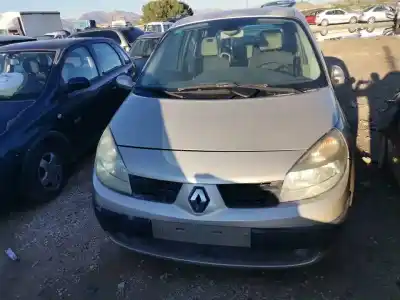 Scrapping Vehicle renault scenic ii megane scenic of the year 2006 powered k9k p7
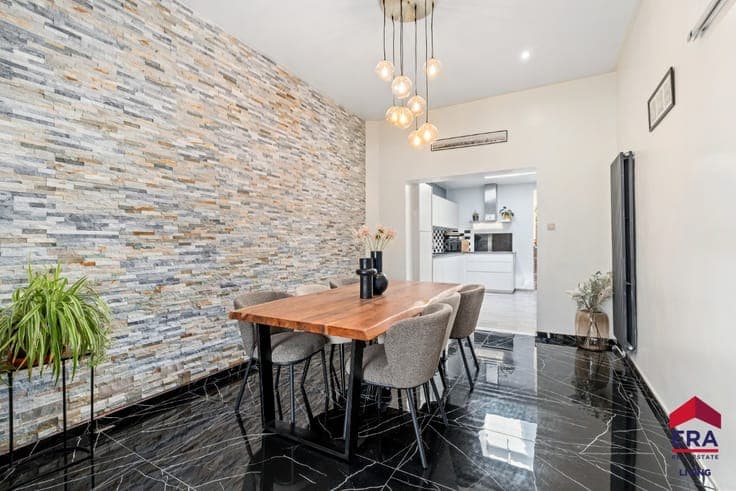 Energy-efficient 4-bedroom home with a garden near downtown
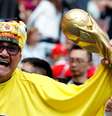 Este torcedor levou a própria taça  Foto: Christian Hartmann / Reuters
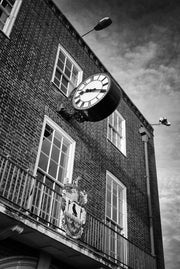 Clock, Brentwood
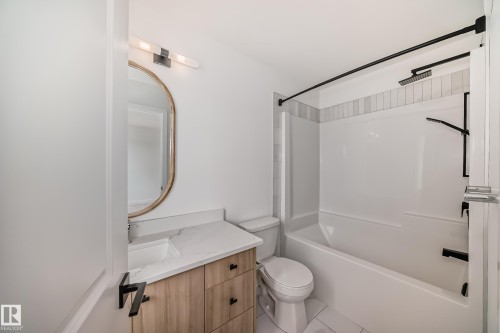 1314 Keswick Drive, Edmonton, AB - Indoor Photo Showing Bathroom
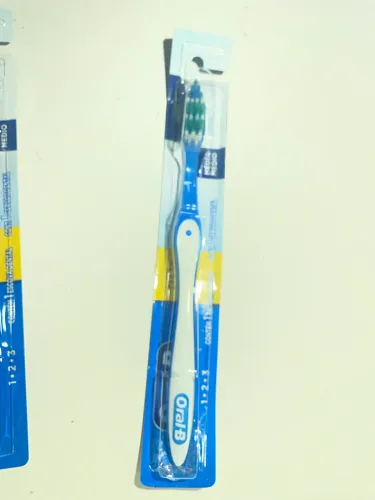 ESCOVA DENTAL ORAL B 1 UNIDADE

*-*-*

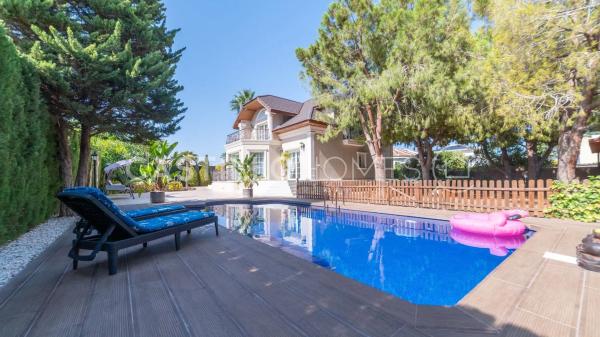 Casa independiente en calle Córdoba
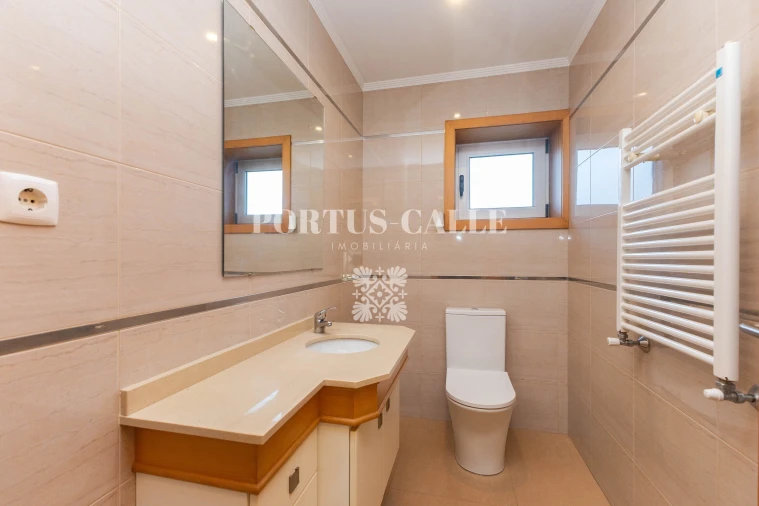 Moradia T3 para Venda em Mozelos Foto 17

*-*-*

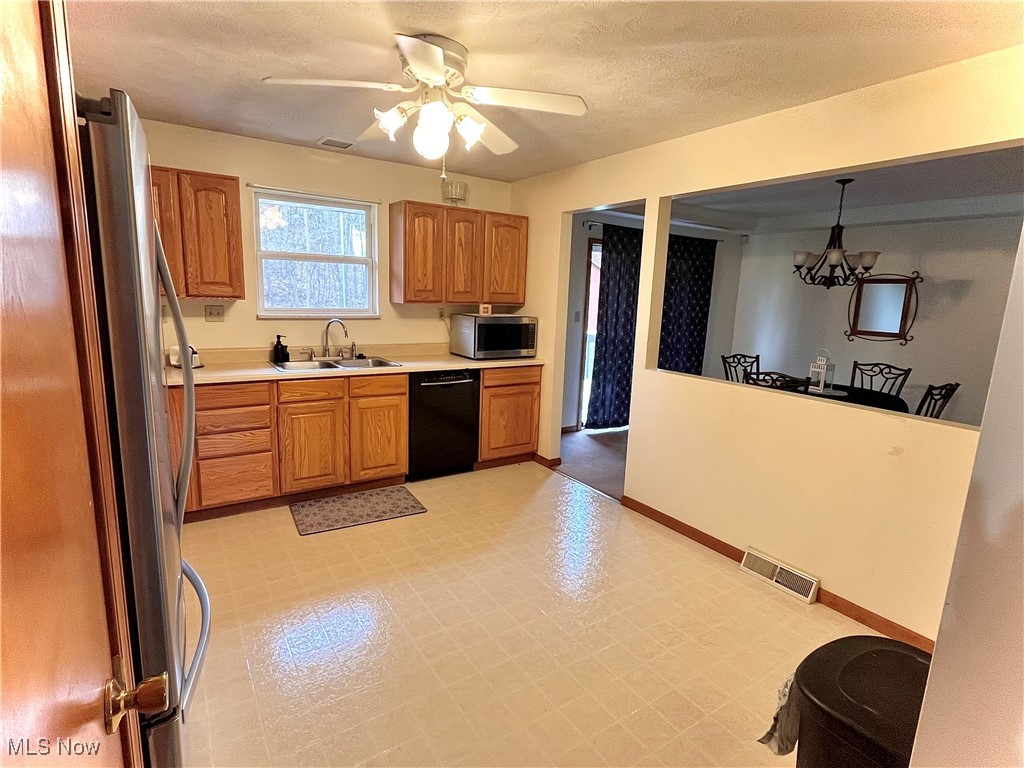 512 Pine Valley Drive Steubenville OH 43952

*-*-*

= ABOUT THIS EXERCISE =
Give back the exact lines above, running from the one that has "Scrapping Vehicle renault" through the one that has "ESCOVA DENTAL ORAL B 1 UNIDADE", with nothing added and no pictures.

= ANSWER BOX =
 Scrapping Vehicle renault scenic ii megane scenic of the year 2006 powered k9k p7
 Energy-efficient 4-bedroom home with a garden near downtown
 Este torcedor levou a própria taça  Foto: Christian Hartmann / Reuters
 Clock, Brentwood
 1314 Keswick Drive, Edmonton, AB - Indoor Photo Showing Bathroom
 ESCOVA DENTAL ORAL B 1 UNIDADE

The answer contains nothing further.